╭──

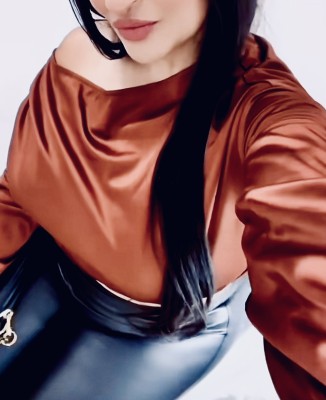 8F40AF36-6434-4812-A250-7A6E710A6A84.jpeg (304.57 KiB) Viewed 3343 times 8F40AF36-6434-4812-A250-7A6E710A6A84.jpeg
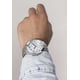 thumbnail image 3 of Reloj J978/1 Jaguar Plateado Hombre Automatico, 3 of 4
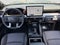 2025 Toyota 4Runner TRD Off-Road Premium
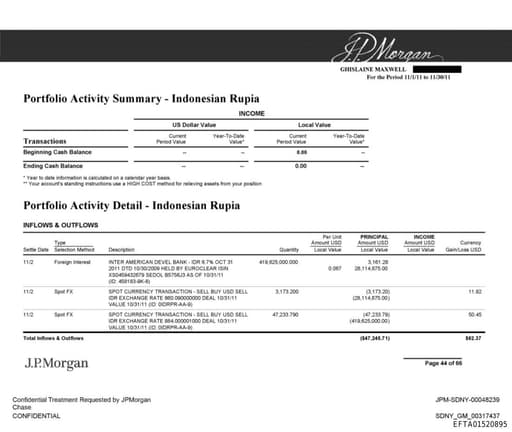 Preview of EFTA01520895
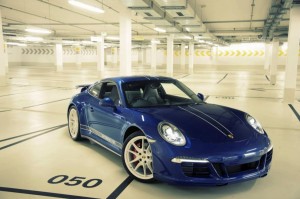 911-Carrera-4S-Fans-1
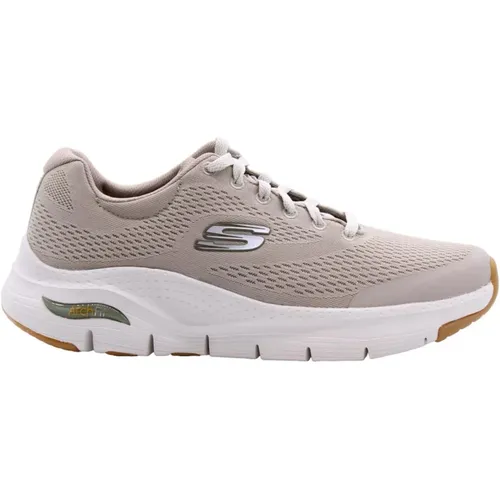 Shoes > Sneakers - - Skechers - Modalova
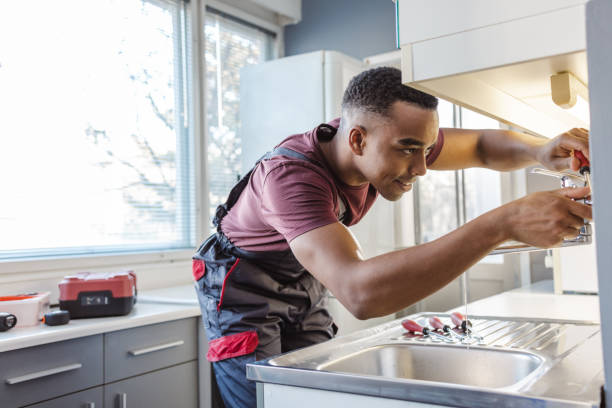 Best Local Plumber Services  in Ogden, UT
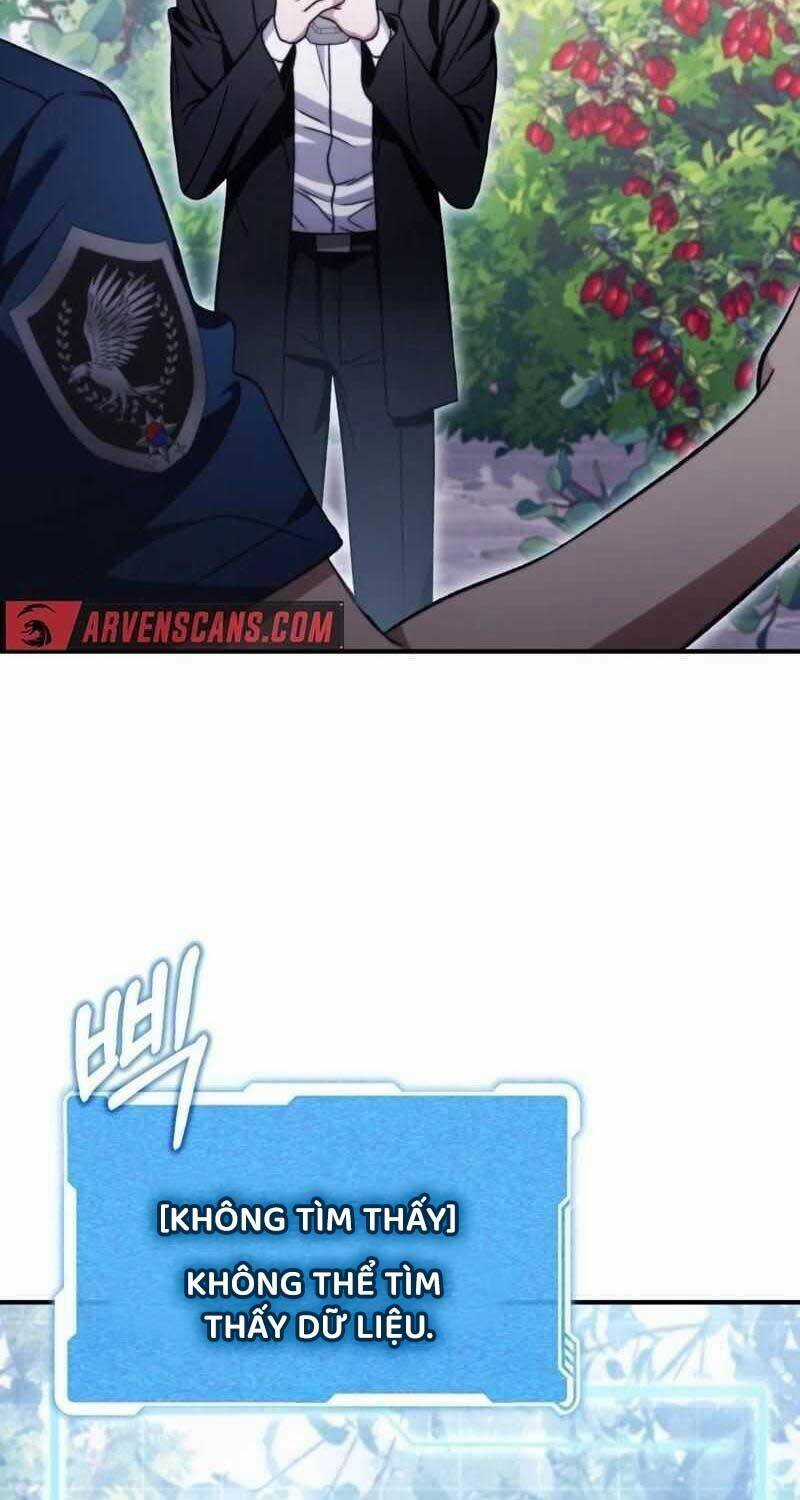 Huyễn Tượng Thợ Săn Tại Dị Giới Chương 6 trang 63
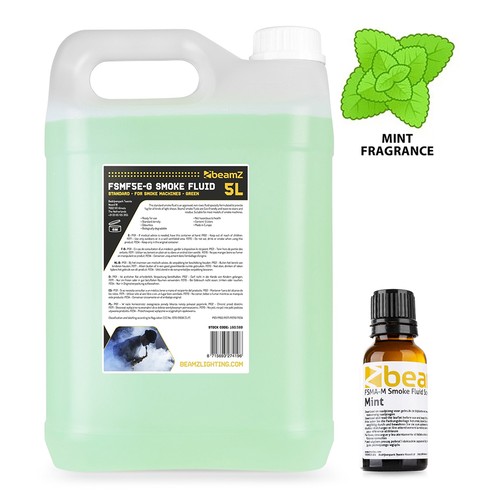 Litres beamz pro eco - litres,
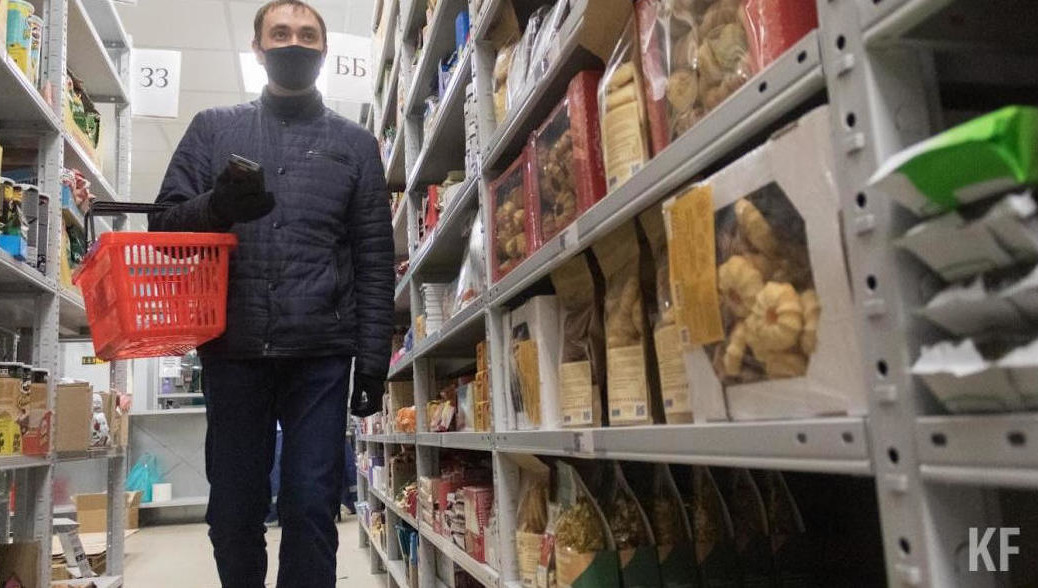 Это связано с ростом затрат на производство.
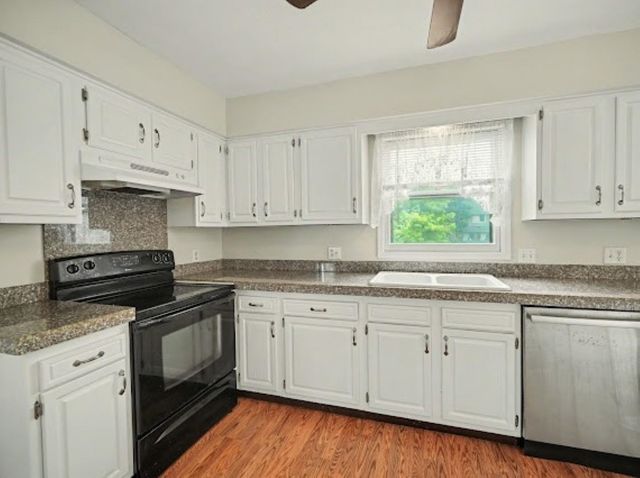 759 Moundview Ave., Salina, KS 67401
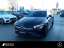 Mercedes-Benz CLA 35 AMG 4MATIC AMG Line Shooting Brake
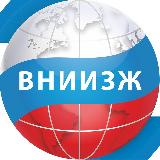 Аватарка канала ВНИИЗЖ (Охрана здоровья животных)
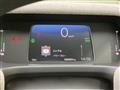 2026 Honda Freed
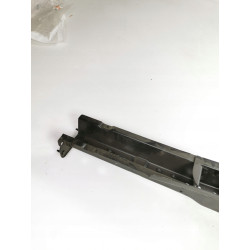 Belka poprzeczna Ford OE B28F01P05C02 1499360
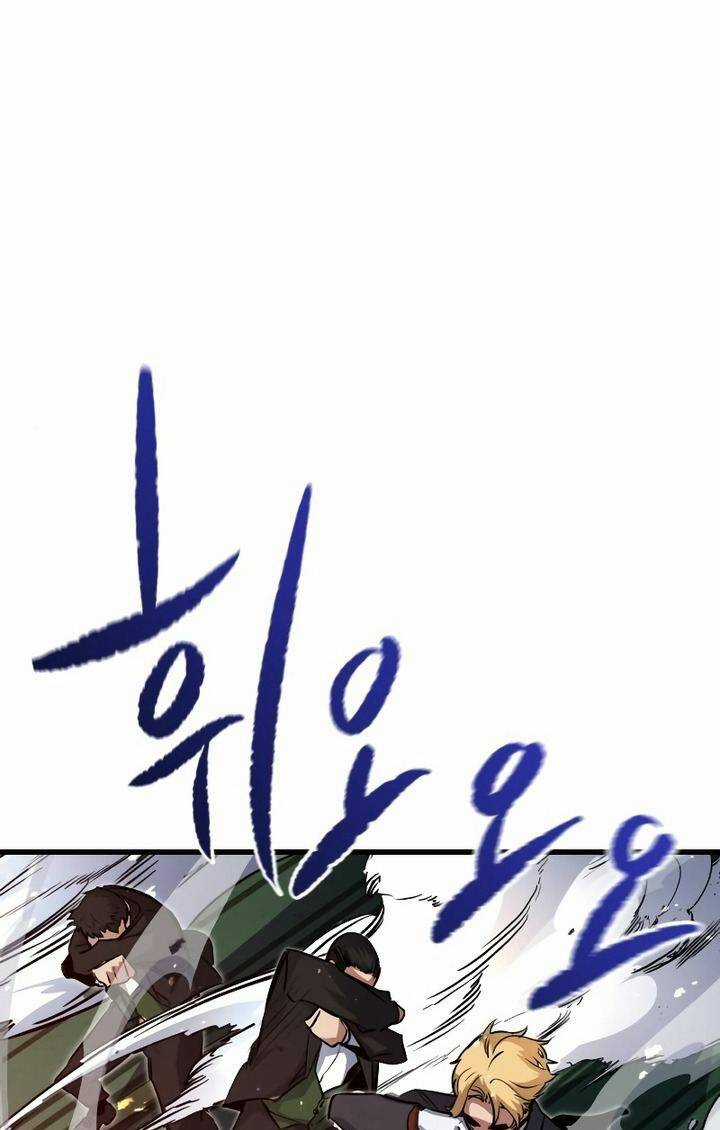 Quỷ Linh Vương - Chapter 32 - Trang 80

╰──

→ WORK INSTRUCTIONS:
Beginning with the line that contains "Это связано с ростом затрат на производство.", print exactly every line through the end of the records, both included. Omit the pictures.

→ WRITTEN ANSWER:
 Это связано с ростом затрат на производство.
 759 Moundview Ave., Salina, KS 67401
 Mercedes-Benz CLA 35 AMG 4MATIC AMG Line Shooting Brake
 Аватарка канала ВНИИЗЖ (Охрана здоровья животных)
 2026 Honda Freed
 Belka poprzeczna Ford OE B28F01P05C02 1499360
 Quỷ Linh Vương - Chapter 32 - Trang 80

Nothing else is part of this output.